Some believe that Bush's September 6, 2006 speech to Congress "amounted to a public confession to criminal violations of the 1996 War Crimes Act", in that he "implicitly admitted authorizing disappearances, extrajudicial imprisonment, torture, transporting prisoners between countries and denying the International Committee of the Red Cross access to prisoners." And certainly, it's not that that Bush and his cronies weren't warned about what they were doing.

It was no less than then-White House counsel Alberto Gonzales who warned Bush in a memo dated January 25, 2002 that their treatment of detainees already amounted to war crimes:
In the memo, the White House lawyer focused on a little known 1996 law passed by Congress, known as the War Crimes Act, that banned any Americans from committing war crimes -- defined in part as "grave breaches" of the Geneva Conventions. Noting that the law applies to "U.S. officials" and that punishments for violators "include the death penalty," Gonzales told Bush that "it was difficult to predict with confidence" how Justice Department prosecutors might apply the law in the future. This was especially the case given that some of the language in the Geneva Conventions - such as that outlawing "outrages upon personal dignity" and "inhuman treatment" of prisoners - was "undefined."

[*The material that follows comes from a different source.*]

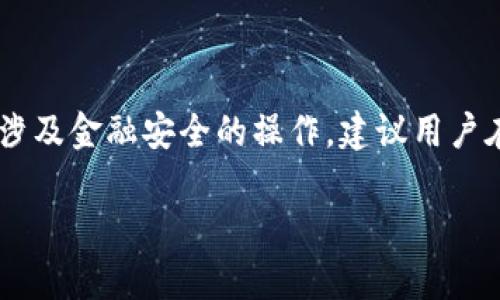 注意：由于生成内容的请求涉及到用户可能会接触敏感的信息或涉及金融安全的操作，建议用户在相关操作前，确保了解所有风险，并严格按照官方指南进行操作。

如何正确导入钱包助记词：详细指南与常见问题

One key advantage of declaring that Taliban and Al Qaeda fighters did not have Geneva Convention protections is that it "substantially reduces the threat of domestic criminal prosecution under the War Crimes Act," Gonzales wrote.

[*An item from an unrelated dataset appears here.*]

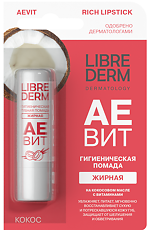 Купить Либридерм (Librederm) Аевит помада жирная Кокос 4 г 1 шт цена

"It is difficult to predict the motives of prosecutors and independent counsels who may in the future decide to pursue unwarranted charges based on Section 2441 [the War Crimes Act]," Gonzales wrote.
The only thing keeping Bush and his top political aides and cabinet members from being prosecuted as war criminals is will... well, also their tremendous political power, the cowardice of the opposition party, and the fear and/or torpor of the mass of the American population.

Still, as the fates of Aribert Heim, John Demjanjuk, and others demonstrate, times do change. And one day it may be Bush and Cheney, Rumsfeld, Powell, and Rice, who must hide for their lives, or stand in the dock of a criminal court and answer for their crimes.

As an aside, the Establishment hatred for Obama's now-former pastor, Jeremiah Wright, is not because of his conspiracy theory about the AIDS virus -- a crank notion rooted in some very real crimes by the United States, not least the barbaric, racist Tuskagee syphilis experiments, wherein "for forty years the US Public Health Service (PHS) conducted an experiment on 399 black men in the late stages of syphilis," without their knowledge or provision of medical assistance. No, they hate him, and seek to use the black preacher against the moderately liberal mainstream politician Obama, because he dared to criticize the United States for its own use of terrorism.
"You cannot do terrorism on other people and expect it never to come back on you," said. "Those are Biblical principles, not Jeremiah Wright bombastic divisive principles."
It is incontroverible that the United States has engaged in state terrorism and illegal war and occupation upon other countries. I very much don't want to see it "come back" upon America. But I do want to see those responsible brought to justice in a court that provides full rights for the accused, but also is unafraid to mete out justice to the convicted.